Si chiudono oggi le candidature per la direzione del Fondo monetario per la quale Mosca ha lanciato un suo candidato, benché non russo, il ceko Josef Tosovsky, contrapposto al francese Dominique Strauss-Kahn sostenuto da Unione Europea e Stati Uniti. Questo è soltanto l’atto più recente della strategia di Putin per riportare la Russia al rango di superpotenza non solo nucleare. Dal livello politico e militare, come è stato finora in tante questioni internazionali, la sfida passa nelle istituzioni come il Fondo, che lo stesso Putin, a giugno, ha bollato come “non democratiche, arcaiche, rigide”. La Russia è entrata nel Fondo nel 1992, ricevendo cospicui prestiti ora ripagati grazie al petrolio, dopo che per decenni l’Unione Sovietica lo aveva attaccato come strumento dell’imperialismo. Date le quote di voto di Europa e Stati Uniti, 37 e 17 per cento, il Cremlino, che ha il 2,7 per cento, è destinato all’insuccesso benché dica di essersi accordato con altri Paesi, e la sua mossa potrebbe diventare un boomerang. Ma intanto Putin, dopo attacchi riecheggianti l’era sovietica, cerca di scardinare il Fondo dal di dentro, e lancia un amo ai Paesi emergenti spesso critici per le ricette economiche che esso impone, e a Cina, India, Brasile, aspiranti a contare di più.

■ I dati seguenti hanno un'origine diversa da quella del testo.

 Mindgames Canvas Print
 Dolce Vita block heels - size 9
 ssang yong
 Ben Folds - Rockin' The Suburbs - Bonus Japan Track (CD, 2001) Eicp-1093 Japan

La carica di direttore va per consuetudine all’Europa, mentre gli Stati Uniti scelgono il presidente della Banca Mondiale. Dimessosi lo spagnolo Rodrigo De Rato, il presidente Sarkozy, nell’avvalersi di antichi avversari, ha proposto l’ex ministro delle Finanze socialista Dominque Strauss-Kahn. Il Cremlino gli ha contrapposto con astuzia non un russo, ma un ceko: Josef Tosovsky, 59 anni, già capo della Banca centrale, ora uno dei direttori presso la Bank of International Settlement a Basilea, presentando la sua mossa come prima risposta a esigenze di riforma. Tosovsky ha respinto passate accuse di rapporti coi servizi segreti in età comunista, ma secondo alcuni nella sua attuale posizione conosce bene i traffici di capitali da Mosca all’estero. Il Cremlino ha poi attaccato con durezza Strauss-Khan, affermando che non ha i necessari requisiti: uno schiaffo a Sarkozy, all’Europa e agli Stati Uniti. Mentre Tosovsky accettava dicendosi onorato, Praga respinge la lusinga moscovita confermando il sostegno a Strauss-Kahn.
Chiuse le candidature, dopo aver incontrato i due in lizza, i 24 direttori del Fondo procederanno alla nomina. È dubbio che il Cremlino abbia successo, benché Strauss-Kahn sia stato criticato anche dal Financial Times invocando riforme. Strauss-Khan afferma di avere il sostegno di Pechino, mentre India e Brasile non si sono espresse.

Ma intanto ciò conferma la strategia di Putin: sfida all’America e cunei nell’Unione Europea, per approfondirne le divisioni dopo che, usciti di scena Chirac e Schröder, svaniscono le ipotesi di contraltare euro-russo agli Stati Uniti. Questa sua manovra acuisce le diffidenze verso di lui: un boomerang.